The grand jury that heard evidence in the Breonna Taylor case expressed immediate outrage the moment prosecutors presented only wanton endangerment charges, two of the jurors say.

“It was uproar in that room,” one of the men told CBS’s Gayle King in the pair’s first on-camera interview since stepping forward with court filings.

“Almost the entire room” protested over the lack of charges related to Taylor’s death, the second grand juror told King in the interview that aired Wednesday. Both men asked to remain anonymous.

“As we were listening to (the evidence), we were sure this was leading up to something like that,” he said when asked if he’d expected murder or manslaughter charges.

The grand jurors and their lawyer said the panel never even met Kentucky Attorney General Daniel Cameron during the proceedings and weren’t given the charges they would be considering upfront, a departure from the usual “road map” such jurors usually receive.

The panelists sat through nearly 20 hours of evidence covering the night Taylor died and were asked to consider only wanton endangerment charges against former Louisville Metro Police Det. Brett Hankison for the shots he fired at a neighboring apartment, the men confirmed.

“They never gave us the opportunity to deliberate on anything but the charges for Hankison. That was it,” the first grand juror said.

“It’s like, ‘What did we just sit through?’” he told King. “To me, it was a betrayal.”

Taylor, 26, was shot and killed March 13 after a group of LMPD officers broke down her door after midnight while serving a no-knock warrant in a narcotics investigation involving her ex-boyfriend.

Her current boyfriend Kenneth Walker, a licensed gun owner, fired a warning shot because the couple believed they were the victims of a home invasion, he later told police.

Sgt. Jonathan Mattingly and Det. Myles Cosgrove fired 22 bullets back, killing Taylor. Hankison fired another 10.

At a press conference announcing Hankison’s charges, Cameron said the grand jury “agreed” Mattingly and Cosgrove acted within the law.

“While there are six possible homicide charges under Kentucky law, these charges are not applicable to the facts before us because our investigation showed, and the grand jury agreed, that Mattingly and Cosgrove were justified in the return of deadly fire,” Cameron said.

The second grand juror told King that Cameron’s press conference marked the first time he heard about the “six possible” homicide charges.
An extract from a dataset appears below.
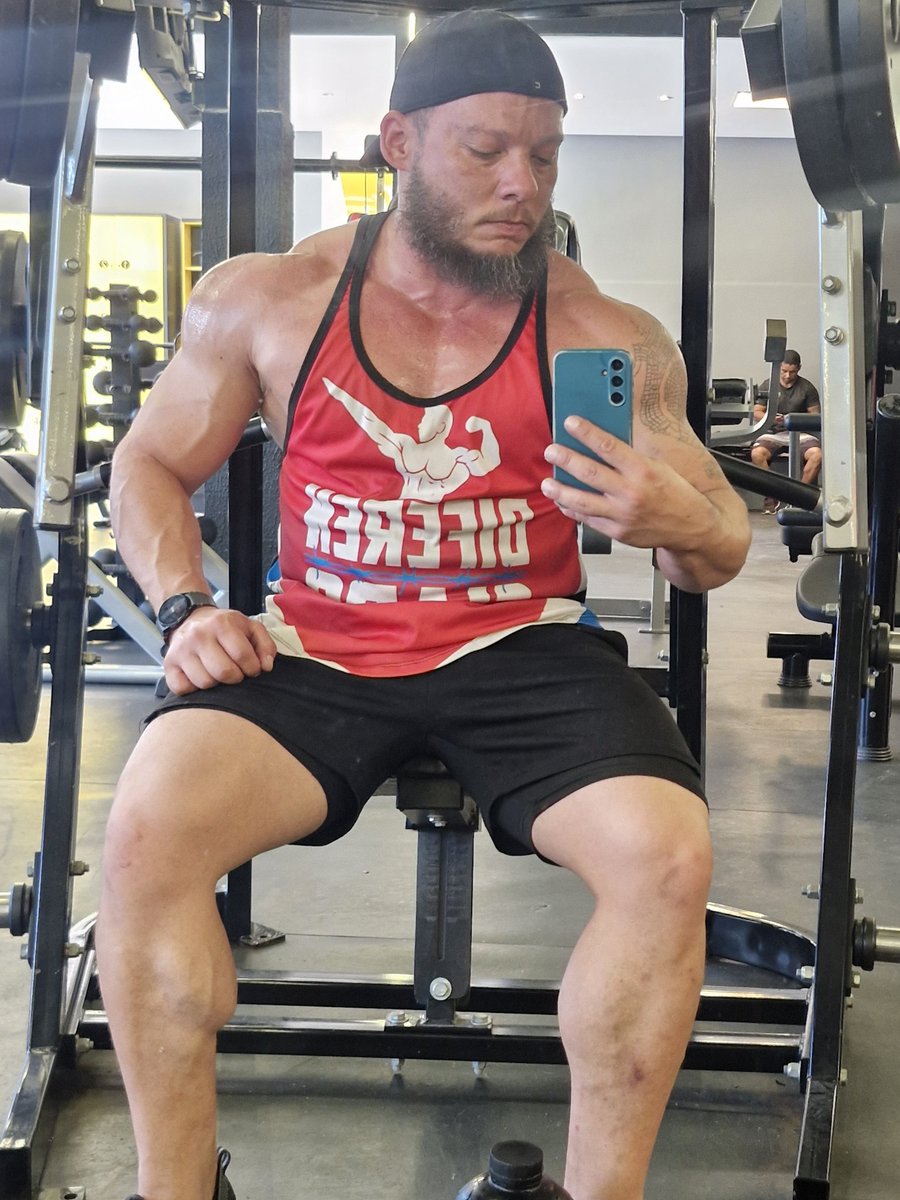 gymbro (@gymbro_muscle) / Posts / X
“It was not presented to us,” he said.

“This was all Cameron. This was up to him. We didn’t get a choice in that at all. So, I was livid,” the first juror said. “By the time I heard what he was saying, everything that came out of his mouth, I was saying ‘liar,’ because we didn’t agree to anything.”

Both grand jurors said they listened to Walker’s anguished 911 call and found it credible that he had no idea the men who stormed the apartment were police officers.

“You could hear the distress. Everything about what he said was believable,” the first grand juror told King. “It made sense all the way through.”

He said the evidence showed police “covered up” a botched operation.

“I felt like there should have been lots more charges,” he said.